Simplicity
I’ve been enjoying a book on running. Really, it’s more exciting that it sounds. It’s called Born to Run: A Hidden Tribe, Superathletes, and the Greatest Race the World Has Never Seen. It includes this interesting section:
Running shoes may be the most destructive force to ever hit the human foot…Runners wearing top-of-the-line shoes are 123 percent more likely to get injured than runners in cheap shoes, according to a study but Bernard Marti, M.D., a preventative-medicine specialist at Switzerland’s University of Bern…Runners in shoes that cost more than $95 were more than twice as likely to get hurt as runners in shoes that cost less than $40…
What a joke: for double the price, you get double the pain.
There go my plans to buy a pair of these.

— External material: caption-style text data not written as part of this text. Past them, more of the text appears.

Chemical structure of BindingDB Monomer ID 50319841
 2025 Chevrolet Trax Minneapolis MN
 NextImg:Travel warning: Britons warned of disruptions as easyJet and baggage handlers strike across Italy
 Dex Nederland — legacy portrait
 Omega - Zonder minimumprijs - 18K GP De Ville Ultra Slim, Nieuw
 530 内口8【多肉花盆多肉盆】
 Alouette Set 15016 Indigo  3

I couldn’t help but make a connection to something I read in the Institutes yesterday:
Paul’s expressions, that he was “made unto us wisdom,” (1 Cor. 1:30), and elsewhere, that in him “are hid all the treasures of wisdom and knowledge,” (Col. 2:3), have a somewhat different meaning, namely, that out of him there is nothing worth knowing, and that those who, by faith, apprehend his true character, possess the boundless immensity of heavenly blessings. For which reason, he elsewhere says, “I determined not to know any thing among you, save Jesus Christ and him crucified,” (1 Cor. 2:2). And most justly: for it is unlawful to go beyond the simplicity of the Gospel.
Okay, maybe only I made the connection. Sometimes you don’t need to go beyond the simple, whether you’re talking about running shoes or the simplicity of the Gospel. There is more there than meets the eye. To go beyond, you end up with much less at a much greater cost.